《数据采集》课程教学大纲

发布者：钟程凯发布时间：2022-07-05 浏览次数：1040

一、课程基本信息

课程代码：18100053

课程名称：数据采集

英文名称：Data Acquisition

课程类别：专业课

学时：总学时48，其中理论讲授32学时，实验16学时

学　　分：3

适用对象: 数据科学与大数据技术

考核方式：考试

先修课程：无

Course Code: 18100053

Course Title: Data Acquisition

English name: Data Acquisition

Course Category: Professional Course

Hours: 48 hours in total, including 32 hours of theoretical lectures and 16 hours of experiments

Credits: 3

Applicable object: data science and big data technology

Assessment method: exam

Prerequisites: None

二、课程简介

中文简介：本课程讲授数据采集的基础知识，即利用网络爬虫收集互联网上的海量数据，包括Web的工作原理、HTML语言基础、使用标准库urllib和第三方库requets、selenium等创建爬虫、使用scrapy框架构建复杂的爬虫、抓取表单和javaScript执行之后的数据、采取的反反爬虫的措施，以及在爬虫过程要遵守道德和法律的约束，使学生在学完本课程后，即可利用爬虫收集互联网上的海量数据。通过学习本课程，使学生掌握Python爬虫的基本思想和技术，为后续的课程(比如大数据分析、机器学习等)打下良好基础。更重要的是，培养学生应用计算机解决和处理实际问题的思维方法与基本编程能力。

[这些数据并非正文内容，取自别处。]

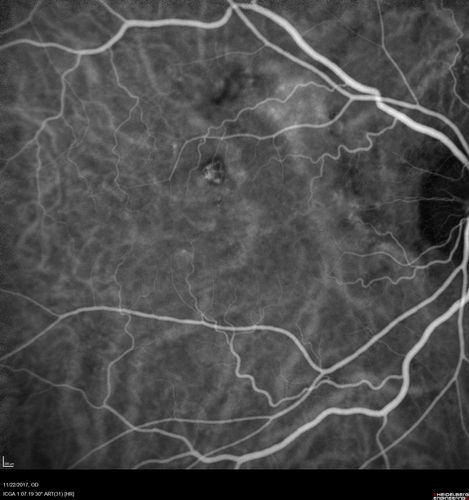 Polypoidal Choroidal Vasculopathy Left Eye
74 year old man with vision loss to 20/100 over a few months.  He improved to 20/20 with Lucentis.  The color and ICG show the polyps.
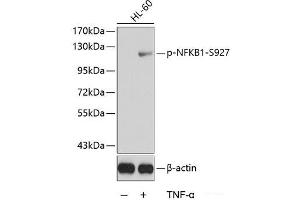 Western blot analysis of extracts from HL60 cells using Phospho-NFKB1(S927) Polyclonal Antibody.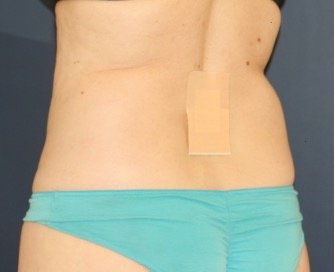 Liposuction Back-Flanks 211 - before - oblique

英文简介：This course teaches the basic knowledge of data collection, that is, using web crawler to collect massive data on the Internet, including the working principle of web, the basis of HTML language, using the standard library urllib and the third-party library such as requests, selenium to create crawlers, using the framework Scrapy to build complex crawlers, grabbing the data after submitting forms and executing JavaScript, and taking anti crawler measures, and in the process of crawler to abide by the moral and legal constraints, so that students can use crawler to collect massive data on the Internet after learning this course. By studying this course, students can master the basic idea and technology of Python crawler, and lay a good foundation for subsequent courses (such as big data analysis, machine learning, etc.). What's more important is to train students' thinking method and basic programming ability to solve and deal with practical problems with computer.